Data in this exercise:
============================================================
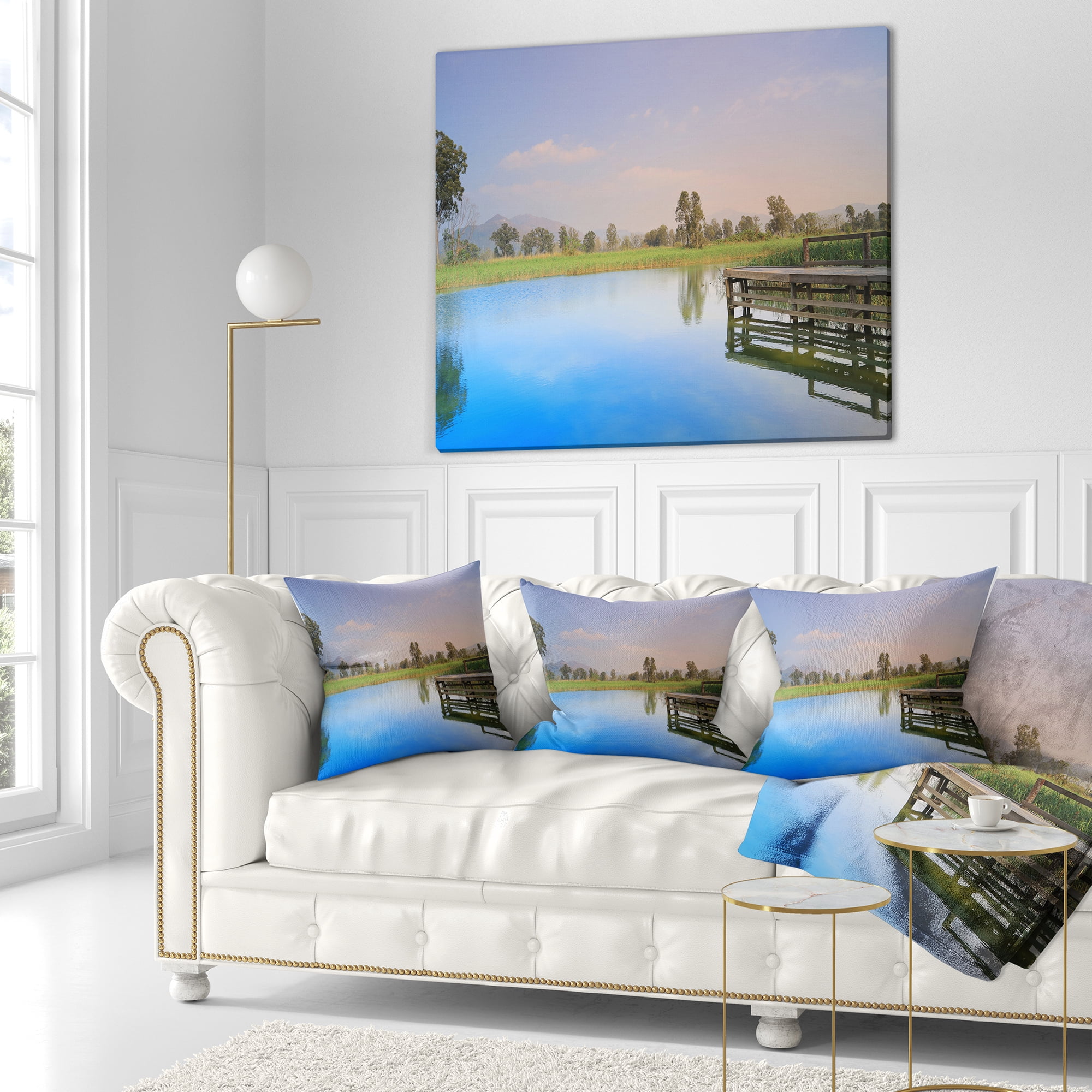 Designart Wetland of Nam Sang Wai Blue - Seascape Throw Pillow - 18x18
============================================================
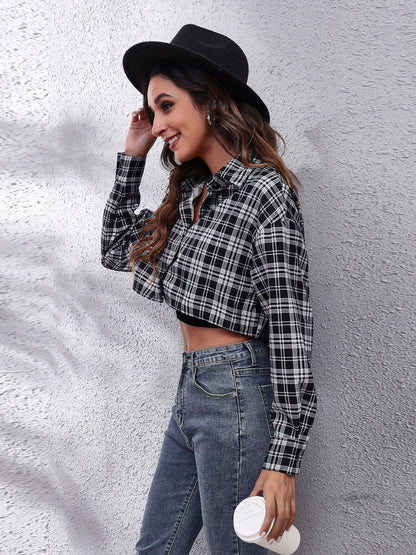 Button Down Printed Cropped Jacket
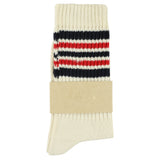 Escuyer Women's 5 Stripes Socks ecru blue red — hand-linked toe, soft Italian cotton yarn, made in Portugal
============================================================
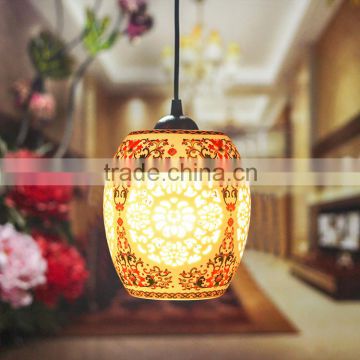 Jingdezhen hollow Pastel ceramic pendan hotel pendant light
============================================================
Your task:
Write out exactly the lines above between the one with "Button Down Printed Cropped Jacket" and the one with "Escuyer Women's 5", inclusive, with pictures left out.

Your response:
 Button Down Printed Cropped Jacket
 Escuyer Women's 5 Stripes Socks ecru blue red — hand-linked toe, soft Italian cotton yarn, made in Portugal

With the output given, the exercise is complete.